Momota, who was suspended for the 2016 Rio Olympics for gambling at an illegal casino, could return in time for the All England Championships in March, according to Japanese badminton officials.
Judo: Shohei Ono
Widely regarded as judo’s best pound-for-pound fighter, the reigning world and Olympic champion will again be the man to beat in the 73-kilogramme division.
The 27-year-old underlined his credentials by storming to a third world title in Tokyo last summer, crushing Azerbaijan’s Rustam Orujov to win gold in a carbon copy of the Rio Olympic final four years ago.
All six of his victories came by ippon, judo’s closest equivalent to a knockout.
An unshakably cool customer, Ono is unlikely to wilt under the pressure of a home Olympics.
Skateboarding: Misugu Okamoto
The Japanese schoolgirl became skateboarding’s youngest world champion last year to underline her gold medal credentials when the sport makes its Olympic debut.

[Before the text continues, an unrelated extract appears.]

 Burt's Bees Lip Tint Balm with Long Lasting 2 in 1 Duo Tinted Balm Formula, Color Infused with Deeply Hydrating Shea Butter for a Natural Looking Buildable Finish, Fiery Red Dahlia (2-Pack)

Still only 13, Okamoto added the world title to gold at the prestigious X Games a month earlier in a sizzling run of form that eclipsed tiny 11-year-old rival Sky Brown, who has opted to represent Britain rather than Japan.
Okamoto combines a smooth-flowing technique with an ice-cool temperament and makes high-adrenaline tricks look routine. Her composure could just be the difference as she tries to pip the younger, gnarlier Brown to gold.
Sport climbing: Akiyo Noguchi
Once a tearaway tot who used to clamber onto the backs of cows for fun on the family farm, the 30-year-old is looking to go out with a bang with Olympic gold.
The serial World Cup winner has the technique, but she will need all her experience and composure to fend off Slovenia’s young world champion Janja Garnbret in what is likely to be the final chapter in Noguchi’s illustrious career.
A historic gold in sport climbing’s first appearance on the Olympic schedule would be a fitting way to bow out.